As cunhas, nas suas diversas formas e nos seus diferentes ambientes culturais, sociais e económicos, são por isso um reflexo de imperfeições na legitimidade dos processos políticos, públicos e administrativos; são reflexo de falta de confiança nas engrenagens, públicas ou privadas, que funcionam com regras; são reflexo da falta de qualificações que permitam o acesso a outro nível de conhecimento tecnológico, que confere legitimidade à regra, para que seja respeitada; são reflexo de desigualdade de acesso, de distribuição e de redistribuição do saber e da informação.
O efeito corrosivo da prevalência das cunhas no sentido comum do que é justo, na confiança no sistema de justiça e na sua utilidade, devem convocar a Ordem dos Advogados para uma profunda reflexão sobre esta epidemia nacional – e sobre como agir em relação aos seus elementos essenciais (a oficiosidade, a funcionalidade, a relacionalidade, a reciprocidade). A prevalência das cunhas é o reconhecimento social de um Estado de Direito a falhar. E é também uma manifestação de desconfiança no Advogado, tão bem definido por António Arnaut, como “a voz da lei que apenas se cala quando a justiça fala”, uma “magistratura cívica” expressão de uma “função ético-social em defesa da justiça e do Estado de Direito”.
Esta “Questão portuguesa” não é nova.

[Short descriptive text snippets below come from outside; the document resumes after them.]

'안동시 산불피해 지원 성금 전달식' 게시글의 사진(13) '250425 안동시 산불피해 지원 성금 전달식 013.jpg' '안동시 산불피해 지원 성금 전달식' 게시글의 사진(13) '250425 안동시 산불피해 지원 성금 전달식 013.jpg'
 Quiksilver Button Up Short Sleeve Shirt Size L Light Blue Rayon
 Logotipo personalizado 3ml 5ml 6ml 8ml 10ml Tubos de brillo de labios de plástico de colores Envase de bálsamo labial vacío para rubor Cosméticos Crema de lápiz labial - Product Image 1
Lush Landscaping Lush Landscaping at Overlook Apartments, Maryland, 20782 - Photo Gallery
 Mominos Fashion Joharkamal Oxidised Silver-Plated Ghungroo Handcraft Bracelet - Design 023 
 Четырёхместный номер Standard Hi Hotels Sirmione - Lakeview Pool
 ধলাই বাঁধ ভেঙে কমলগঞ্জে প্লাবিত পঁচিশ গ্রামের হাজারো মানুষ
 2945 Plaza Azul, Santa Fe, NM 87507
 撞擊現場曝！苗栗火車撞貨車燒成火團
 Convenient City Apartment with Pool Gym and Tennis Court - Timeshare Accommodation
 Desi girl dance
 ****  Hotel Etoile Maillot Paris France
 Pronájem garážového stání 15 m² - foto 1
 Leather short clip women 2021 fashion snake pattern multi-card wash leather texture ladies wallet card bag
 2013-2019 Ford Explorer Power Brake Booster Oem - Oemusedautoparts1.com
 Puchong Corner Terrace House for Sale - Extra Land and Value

Continua a ser uma das nossas grandes questões sociais, talvez até aquela que explique todas as outras, e que ainda não encontrou respostas claras e definitivas, apesar das mais recentes tentativas em 1910, em 1926 e em 1974. Mas parece razoável concluir que ou começamos a combater activamente a prevalência das cunhas, ou continuaremos a viver segundo a lei do mais forte e manchados de uma hipocrisia que faria corar Mandeville.